| DIRECTIONS |
Nothing but the lines from the one containing "Stół TULIP ELLIPSE" to the final line of the entries should appear, copied exactly and without pictures.

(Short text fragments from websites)
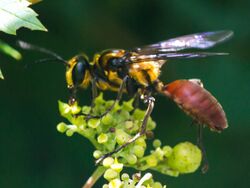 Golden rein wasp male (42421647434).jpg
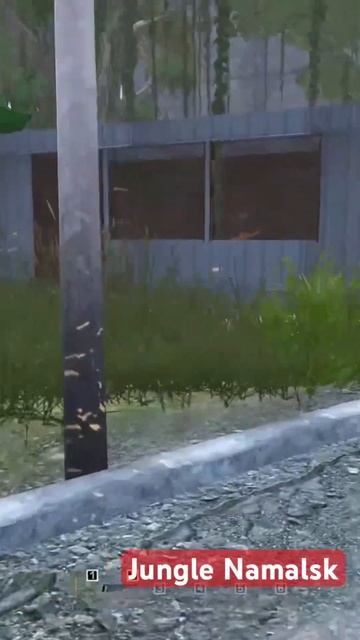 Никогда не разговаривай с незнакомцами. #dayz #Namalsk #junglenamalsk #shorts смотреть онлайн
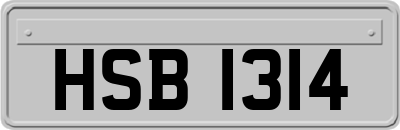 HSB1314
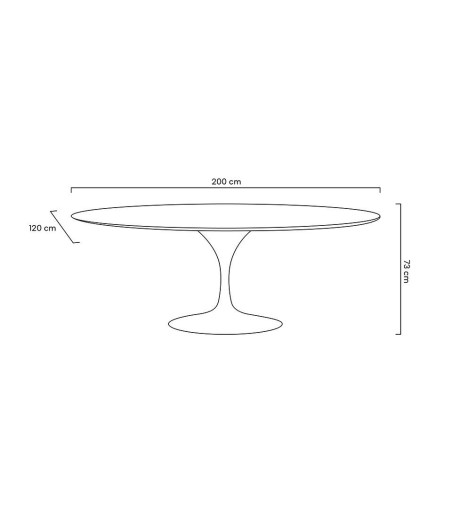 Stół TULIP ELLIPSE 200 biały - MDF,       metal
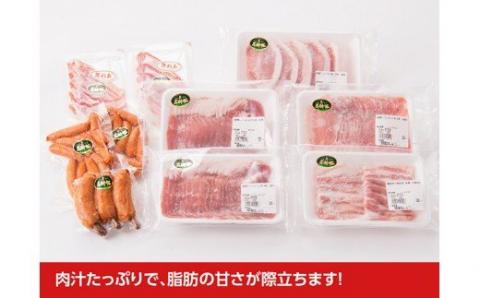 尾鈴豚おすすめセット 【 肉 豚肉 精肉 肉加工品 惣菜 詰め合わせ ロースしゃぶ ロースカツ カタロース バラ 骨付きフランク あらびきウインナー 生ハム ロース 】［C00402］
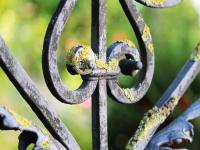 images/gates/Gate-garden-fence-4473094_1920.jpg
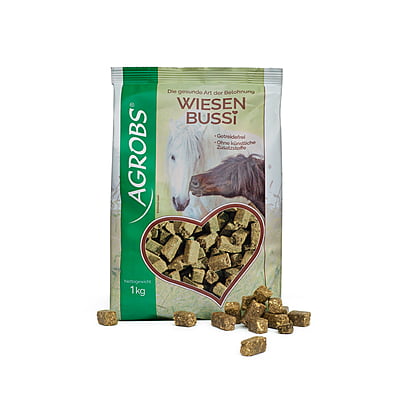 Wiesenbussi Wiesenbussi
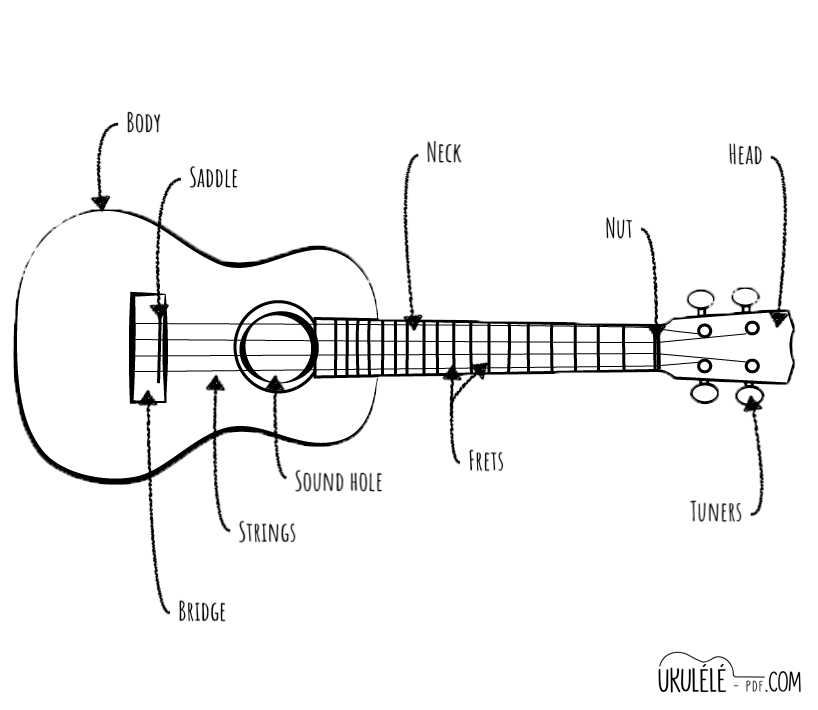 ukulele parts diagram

| RESPONSE TO THE TASK |
 Stół TULIP ELLIPSE 200 biały - MDF,       metal
 尾鈴豚おすすめセット 【 肉 豚肉 精肉 肉加工品 惣菜 詰め合わせ ロースしゃぶ ロースカツ カタロース バラ 骨付きフランク あらびきウインナー 生ハム ロース 】［C00402］
 images/gates/Gate-garden-fence-4473094_1920.jpg
 Wiesenbussi Wiesenbussi
 ukulele parts diagram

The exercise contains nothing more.